And accessibility is a supply side issue.
So are we looking at a supply?
Issue in terms of not enough providers?
Or are we looking at an accessibility
aspect in terms of the demand can’t reach the providers
because they don’t have access, or is it a combination of both?
So I would say it’s more than that because
I wouldn’t put it as only a supply issue.
I look at it more as a demand and supply issue
and I’ll explain why. So as we see it,
from a public health perspective,
if we drill down all of the barriers that we
think restrict the growth of this field,
we can kind of summarize them into two blocks.
On one side is the awareness challenge the lack of awareness
about the importance of hearing,
about the fact about prevention of hearing loss,
or about the need to provide hearing care.
And so on. So there is this lack of awareness at all levels,
whether it is policymakers or at the level of even health care
professionals at times, and also at the level of the community,
the wider community.
And this raises the demand issue because the need is there.
We see from the numbers that the need is there,
but what is not coming from the community is the demand.

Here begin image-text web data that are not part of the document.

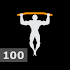 100 Pull Ups - Calisthenics Bodyweight Workouts2.7.0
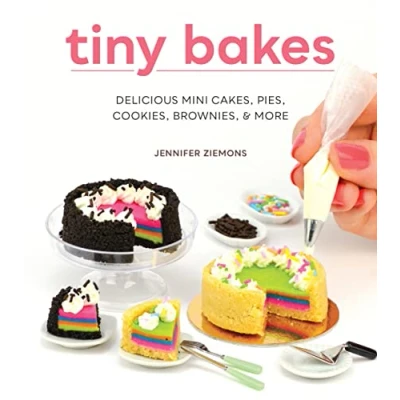 Afbeelding van Tiny Bakes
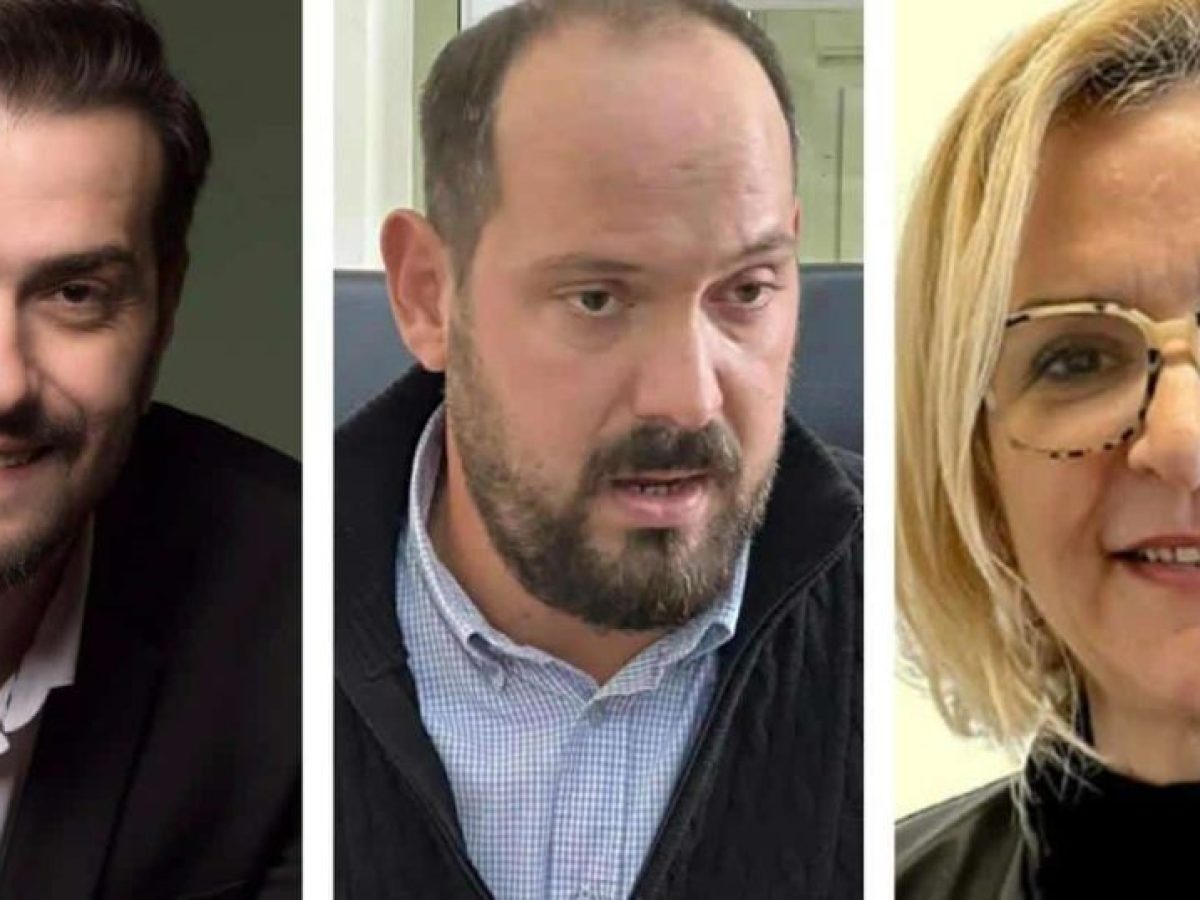 ΠΑΣΟΚ Αργολίδας: Ψυχογυιός στην ΚΠΕ – Μπίμπας, Ξύδη στην Περιφερειακή Επιτροπή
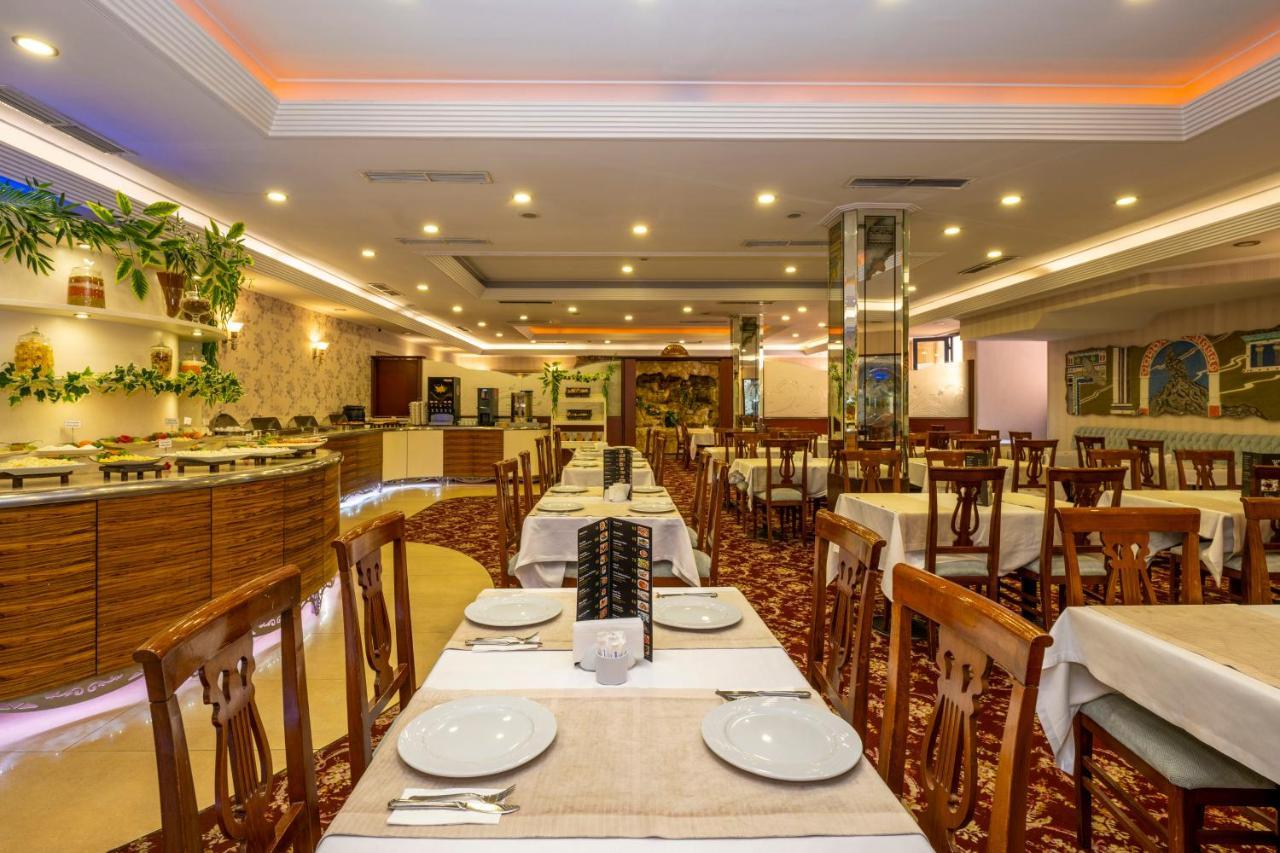 Otel Grand Anka 4*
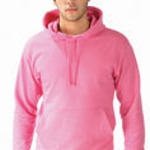 JH001 AWD College hoodie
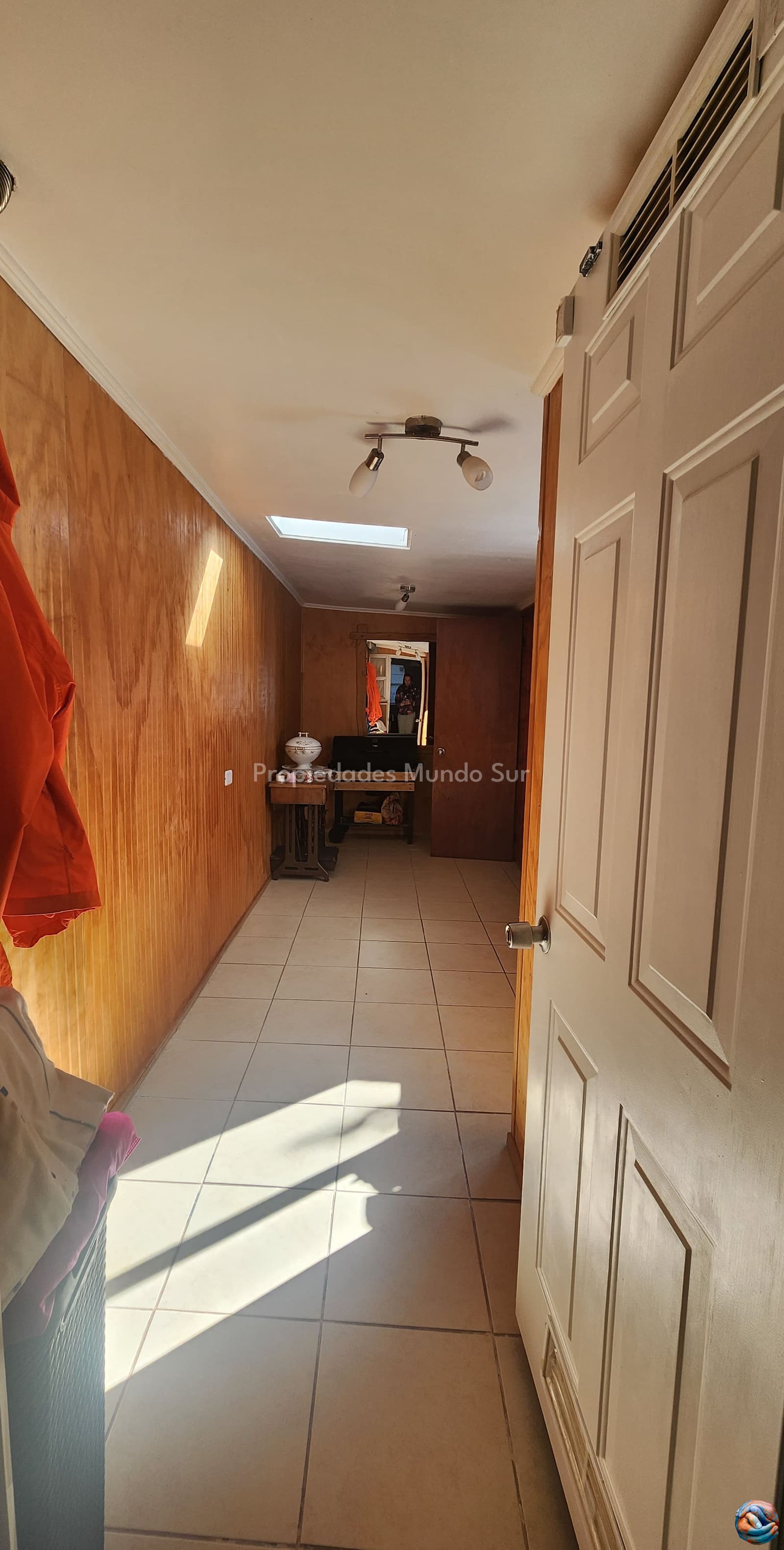 Casa en venta en Valdivia — foto 3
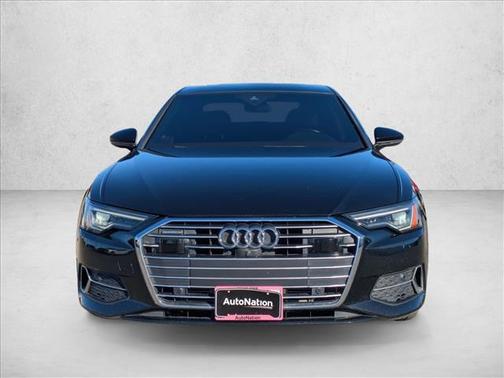 2021 Audi A6 45 Premium Plus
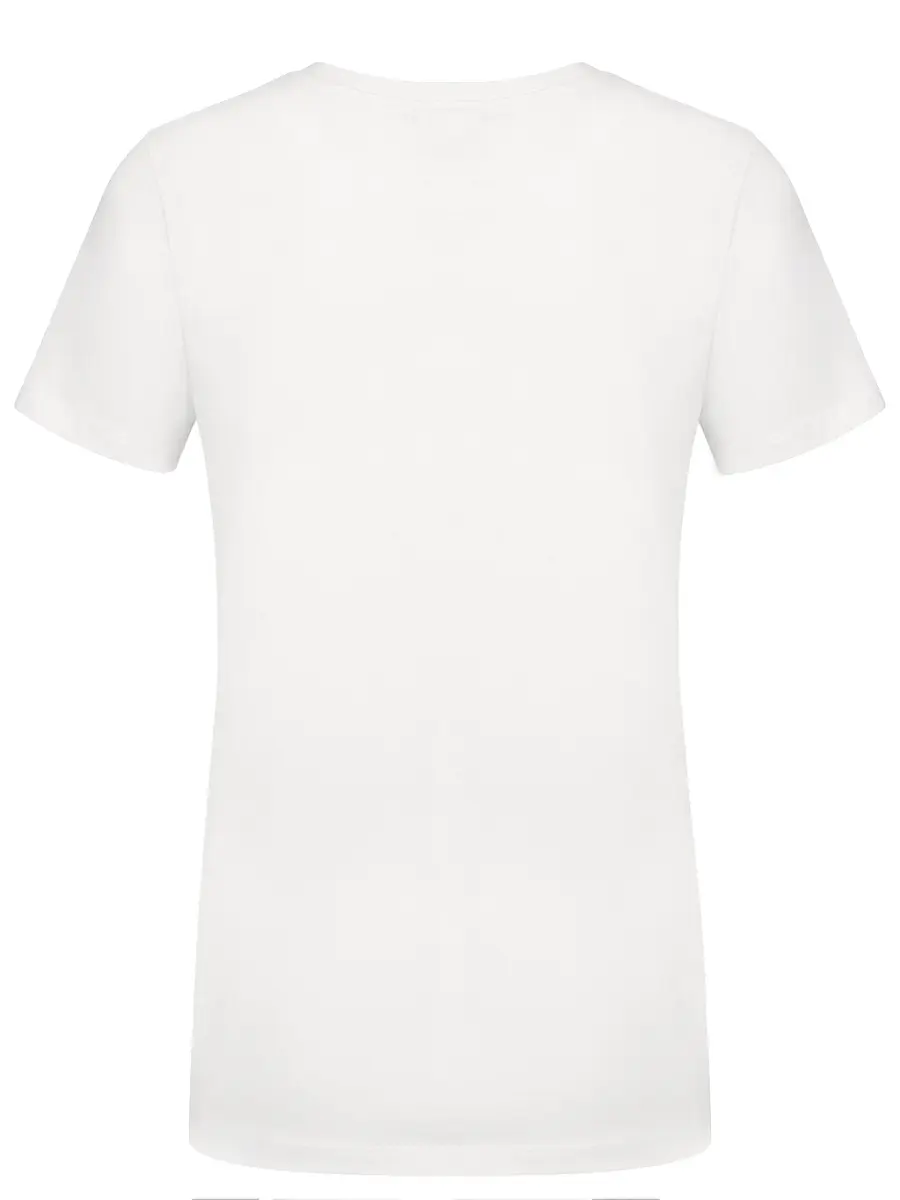 Футболка хлопковая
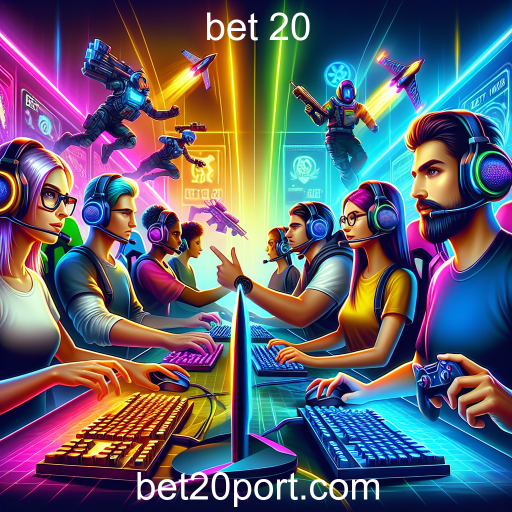 A Importância da Categoria de Suporte nos Jogos Online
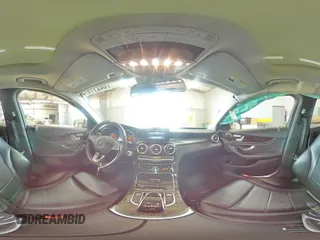 2016 Mercedes-Benz C 300 Luxury с VIN 55SWF4KB3GU138219, выставлен на аукционе Copart как лот 62277615 с пробегом 130 761 миль миль и Списание • Salvage title. История ставок и продаж доступна на DreamBid. Изображение 14.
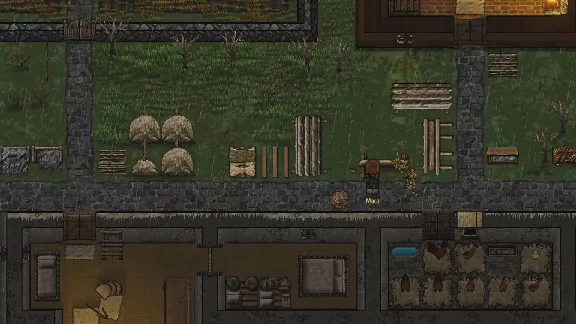 Clanfolk (steam key)
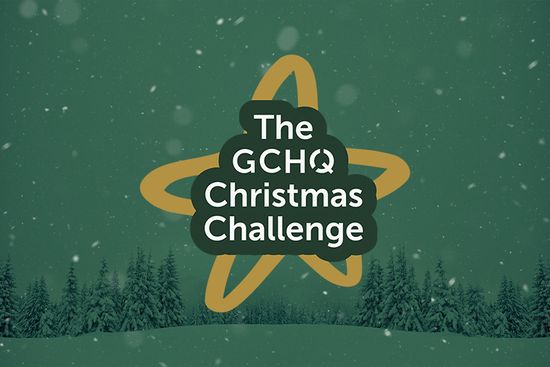 CyberFirstNE's tweet image. GCHQ Xmas Challenge starts 14th Dec! Get your coding, crypto & analysis skills ready & join in the festive fun! #ChristmasChallenge #GCHQ #CodeIt
Register here - bit.ly/49O8m5U
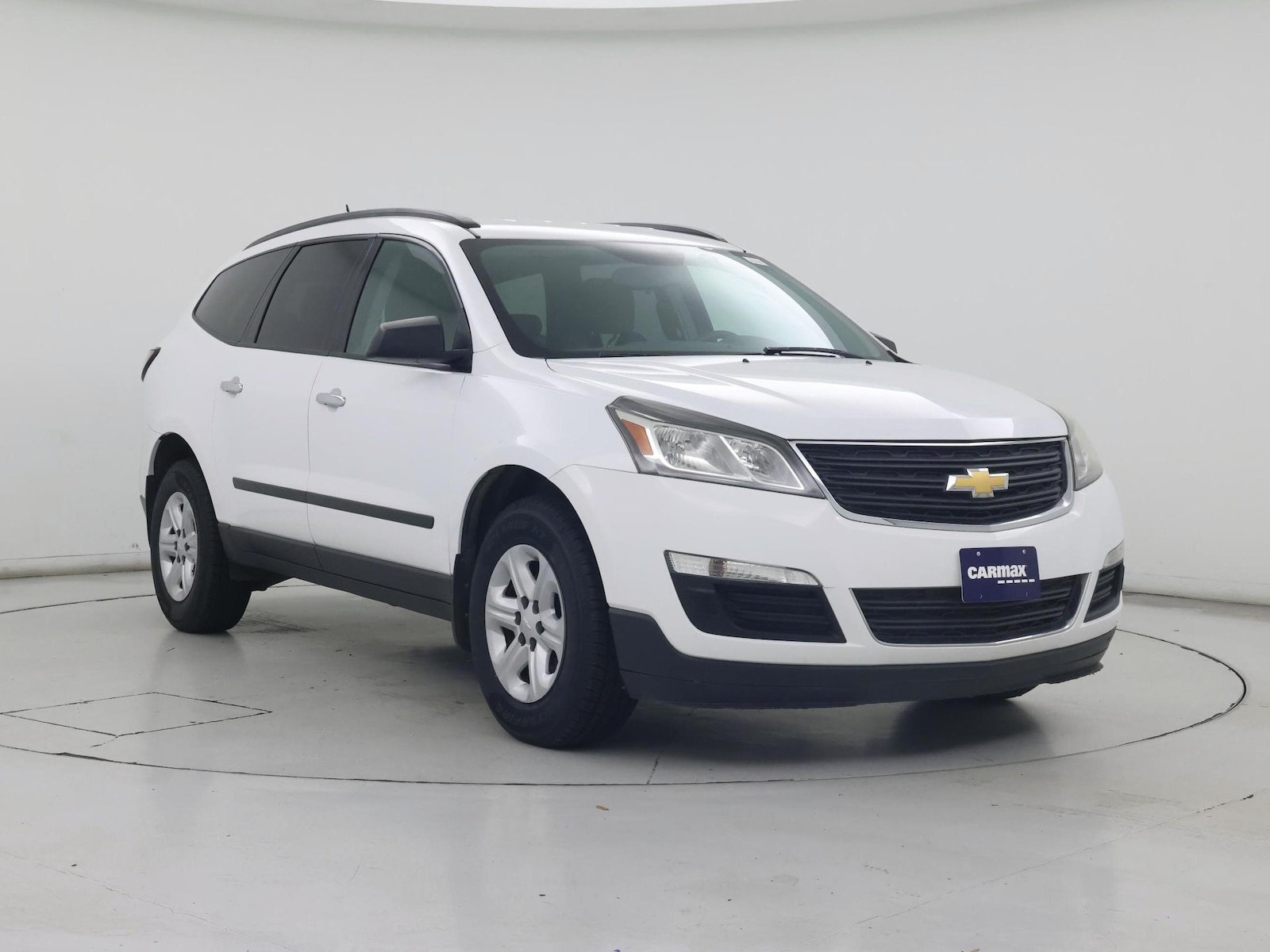 chevrolet traverse 2017 1GNKVFED5HJ286501 image chevrolet traverse 2017 1GNKVFED5HJ286501 image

And then of course, there is the supply issue.
The supply issue,
because of course we have a lack of human resources.
in 2021 we launched the World Report on hearing.
It shows also it gives a lot of detail
on human resource availability.
And we see you can just take a glance that’s some of the maps
which are there and look at the paucity of human resources
for hearing care ENT specialists or audiologists.
Language pathologists or teachers for deaf
and so on and so forth across the world.
So there is also the issue of lack of human resources,
but then also lack also of financial
resources to provide training,
also lack of equipment or capacity within the healthcare
institutions to provide services to people.
The two are not distinct from each other
in the sense that they are interlinked.
We know that from the business model that demand drives
the supply and that’s why it’s really important to focus
on raising awareness and try that demand,
which can also stimulate the supply.
But it’s not enough to just drive demand,
because we can’t just create a demand and not have the answer,
not have the service. This is available for people.
So while we raise awareness on one hand,
we have to also complement that with increasing the human
resources that are available to provide hearing care and deliver
those services to the people who are in need for them.
You bring up an interesting point,
and that is that we have the supply and demand end issue,
but we also have this gap now in the US.
As you know,
we just had the final ruling and approval for the
over the counter hearing aid component.
Do you think that that is something that will eventually
be accepted worldwide and globally, depending of course,
it’s very early in this process,
depending on how we formulate the policies
that dictate the use the application.
And the outcomes from this particular
new regulation that’s come out.
certainly I think that that
legislation from the US has a lot of potential firstly to
improve access to hearing care within the country.
I would say
is driving the market so driving our shift in the market and how
the hearing aid service delivery is currently being done,
who is developing these aids,
who is buying them and how they are being provided.
So I think the other is the influence it’s going to have on
the entire hearing industry or the market related to hearing
services and of course the third is adoption by other countries
and I think there are many factors influence the.
What we have to be cognizant of is that while on
one hand it is good to have the OTC devices,
but it must also be accompanied by the regulatory
kind of provisions that ensure safety of those devices.
Quality of those devices is so that the consumer at the end of
the chain is benefiting from it and not in any way it going
to be calm. So wherever this policy is further applied,
implemented or adopted, we need to make sure,
or the countries need to make sure,
that it is done in a way that is well recognized
as it has been done in the United States.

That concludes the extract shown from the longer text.